• Exercise details
Repeat the records below exactly as they appear, leaving out any pictures.

[Entries taken from a collection]
..............................
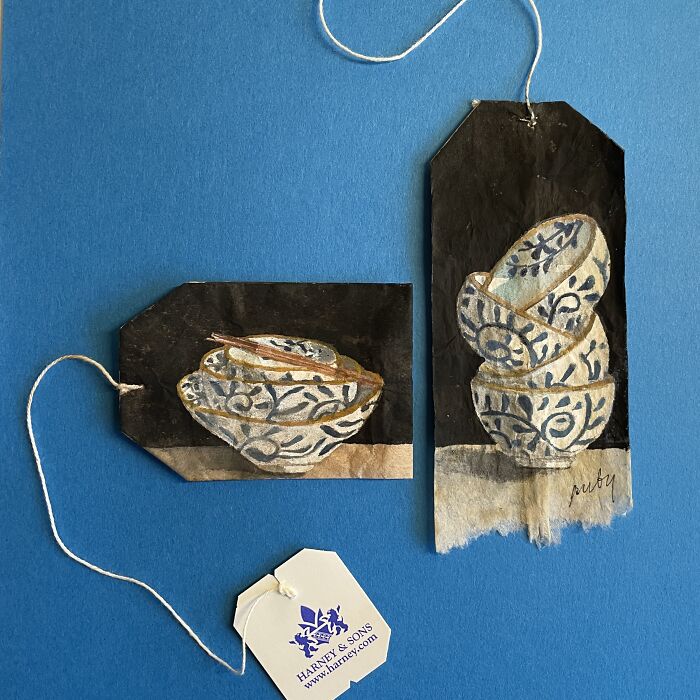 Blue and white ceramic bowls depicted in delicate miniature paintings on dark used tea bags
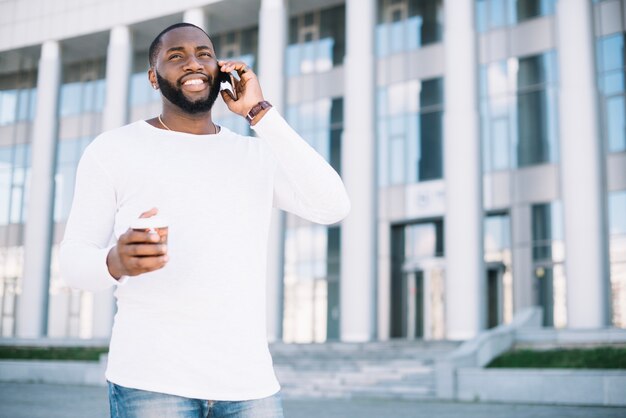 Smiling man speaking on phone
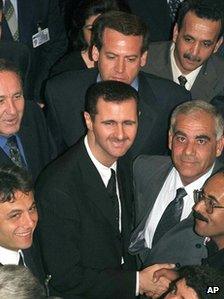 Bashar al-Assad shakes hands with Baath Party members before being elected chairman of its Regional Command in 2000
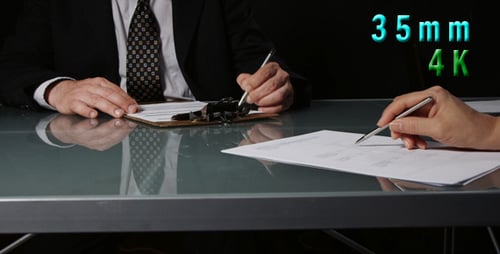 People Signing Document in Business Meeting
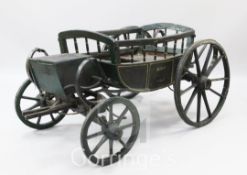 A Victorian green painted model carriage, with iron bound wheels, L.4ft 10in.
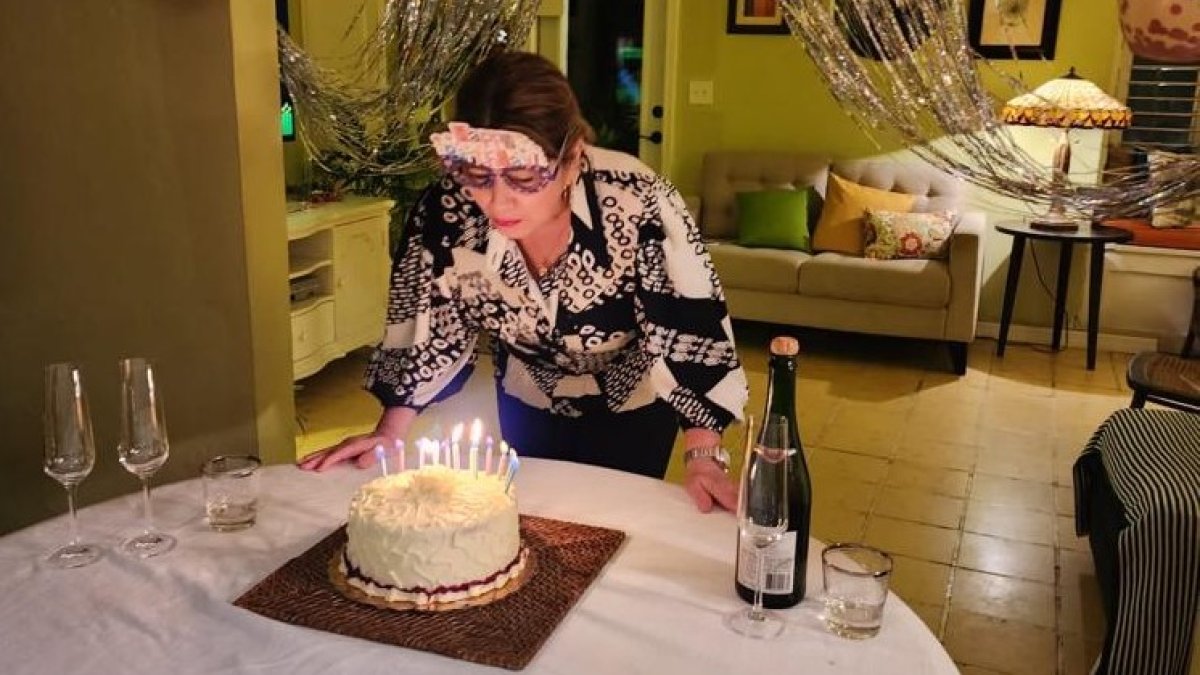 Gloria Acosta soplando las velas de su cumpleaños.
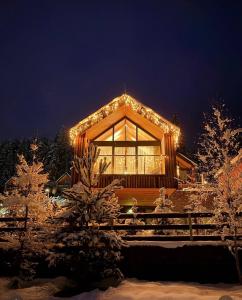 een gebouw bedekt met kerstverlichting in de sneeuw bij Chalet 4hills, Demänovská Dolina in Liptovský Mikuláš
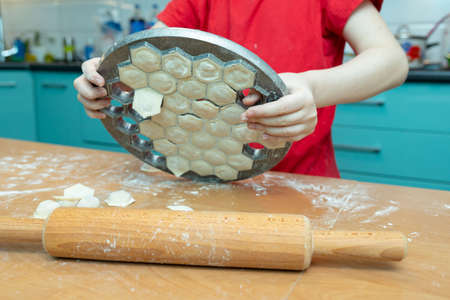 Shaking out ready raviolis, meat dumpling or pelmeni, from mold. Teaching children to cook homemade food, joint work. Selective focus.の写真素材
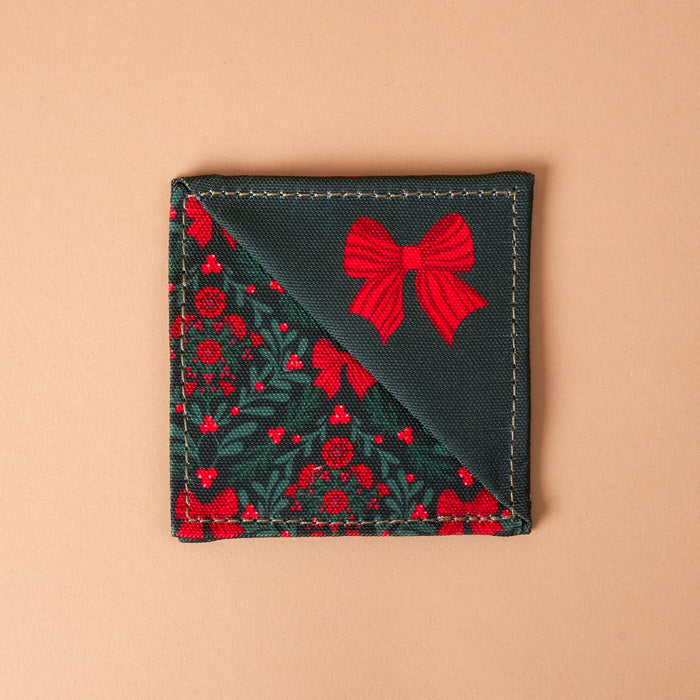A Merry Moment Corner Keeper fabric bookmark, shaped as a triangle with dark green holly leaves and red berries on one side and a solid dark green section with a red bow print on the other.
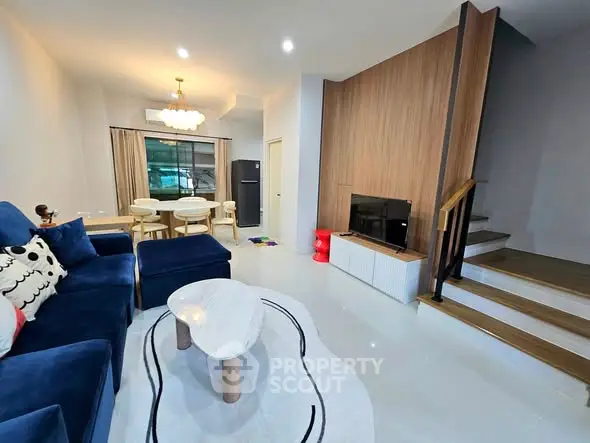 Modern living room with stylish furniture and open layout, featuring a cozy blue sofa and elegant decor.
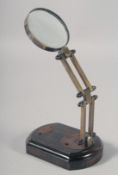 A SMALL BRASS MAGNIFYING GLASS on a stand.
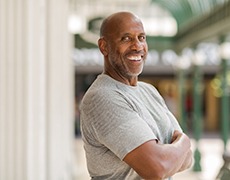 confident, smiling man with dental implants in Framingham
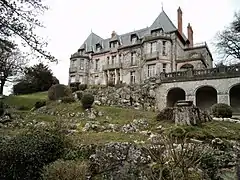 Photographie en couleurs de la façade d'un château avec un jardin de rocaille au premier plan.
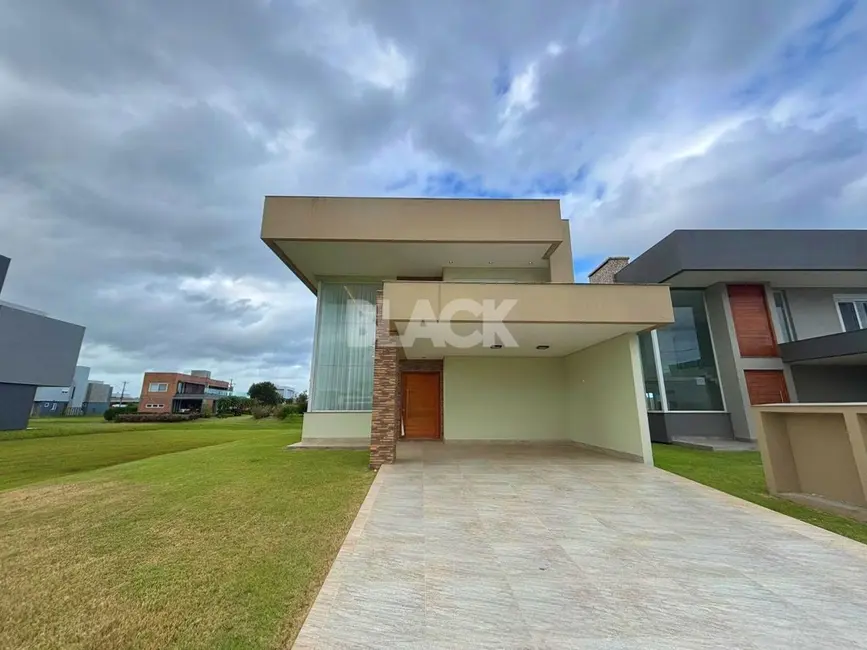 Foto 2 de Casa de Condomínio com 4 quartos à venda, 310m2 em Torres - RS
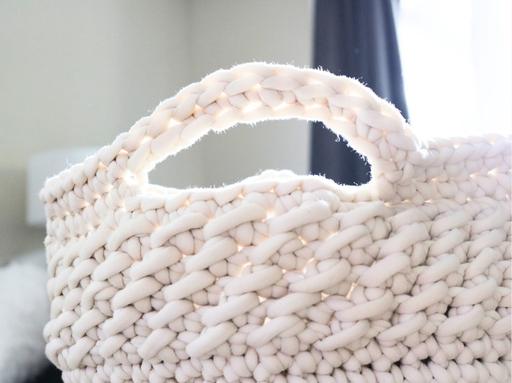 Close-up of a white woven basket with a handle, placed indoors near a window with sunlight highlighting its textured surface; no visible text or promotional information. Free crochet pattern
..............................
• Task output
 Blue and white ceramic bowls depicted in delicate miniature paintings on dark used tea bags
 Smiling man speaking on phone
 Bashar al-Assad shakes hands with Baath Party members before being elected chairman of its Regional Command in 2000
 People Signing Document in Business Meeting
 A Victorian green painted model carriage, with iron bound wheels, L.4ft 10in.
 Gloria Acosta soplando las velas de su cumpleaños.
 een gebouw bedekt met kerstverlichting in de sneeuw bij Chalet 4hills, Demänovská Dolina in Liptovský Mikuláš
 Shaking out ready raviolis, meat dumpling or pelmeni, from mold. Teaching children to cook homemade food, joint work. Selective focus.の写真素材
A Merry Moment Corner Keeper fabric bookmark, shaped as a triangle with dark green holly leaves and red berries on one side and a solid dark green section with a red bow print on the other.
 Modern living room with stylish furniture and open layout, featuring a cozy blue sofa and elegant decor.
 A SMALL BRASS MAGNIFYING GLASS on a stand.
 confident, smiling man with dental implants in Framingham
 Photographie en couleurs de la façade d'un château avec un jardin de rocaille au premier plan.
 Foto 2 de Casa de Condomínio com 4 quartos à venda, 310m2 em Torres - RS
 Close-up of a white woven basket with a handle, placed indoors near a window with sunlight highlighting its textured surface; no visible text or promotional information. Free crochet pattern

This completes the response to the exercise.